[Source material]
_ _ _

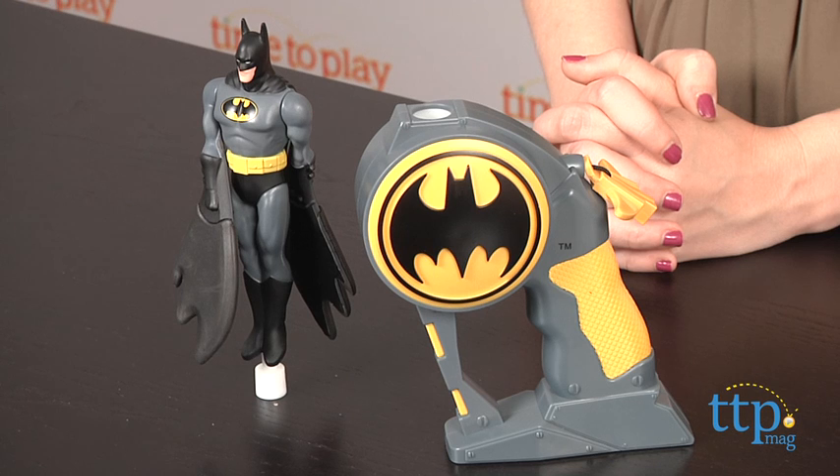Flying Heroes Batman is for ages 4 and up from The Bridge Direct. For more information on this and other toys, head over to our website at TimeToPlayMag.com, your number one source for all things play.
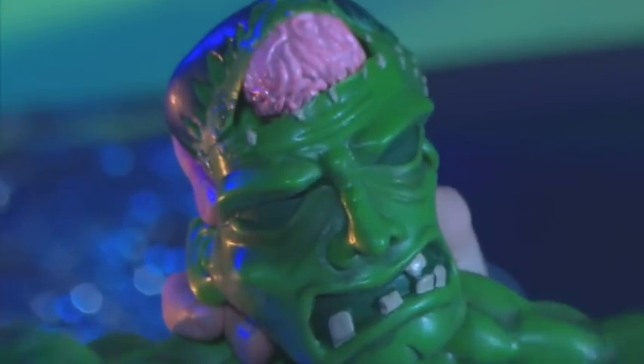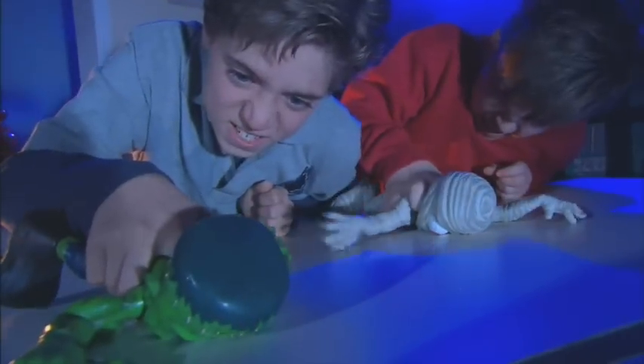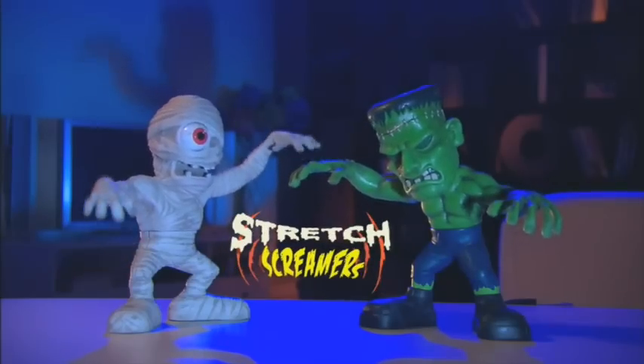Pull and stretch them any way you want. And when you squeeze their heads... Got them. Way to go, guys. Electronic stretch screamers from Toy Quest.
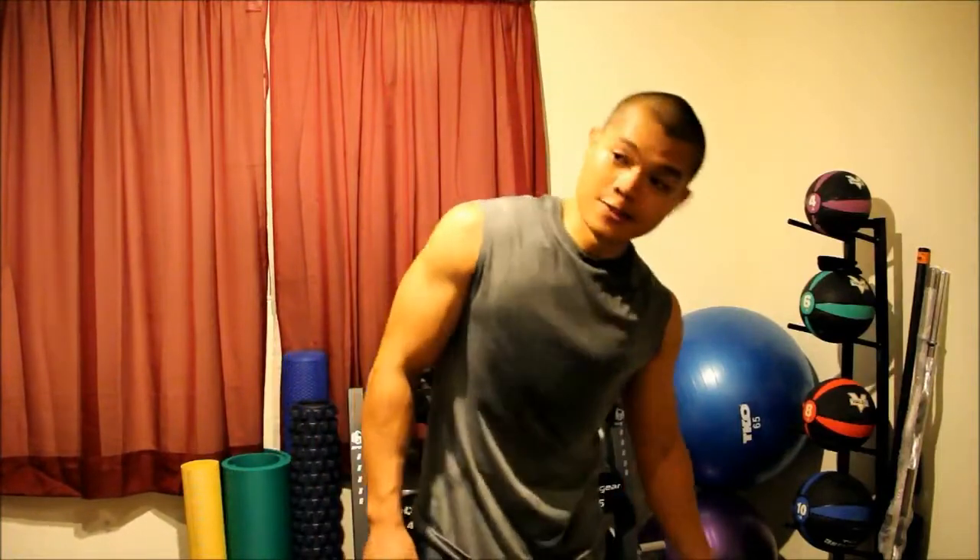But when we got to the biceps — oh, horrible. Kind of disappointing actually. But you know what, I feel the burn, I'm hurting, so I know I did what I could at the moment. Just got to improve from there. The 30 seconds of reverse grip close grip chin ups right before the biceps — those things just wear you out. That contributes to me doing so horribly in the biceps portion of this workout.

_ _ _

[Assignment] Without the pictures, please reproduce each line of the listing above exactly, from the first one through the line bearing "Pull and stretch".

[Solution]
Flying Heroes Batman is for ages 4 and up from The Bridge Direct. For more information on this and other toys, head over to our website at TimeToPlayMag.com, your number one source for all things play.
Pull and stretch them any way you want. And when you squeeze their heads... Got them. Way to go, guys. Electronic stretch screamers from Toy Quest.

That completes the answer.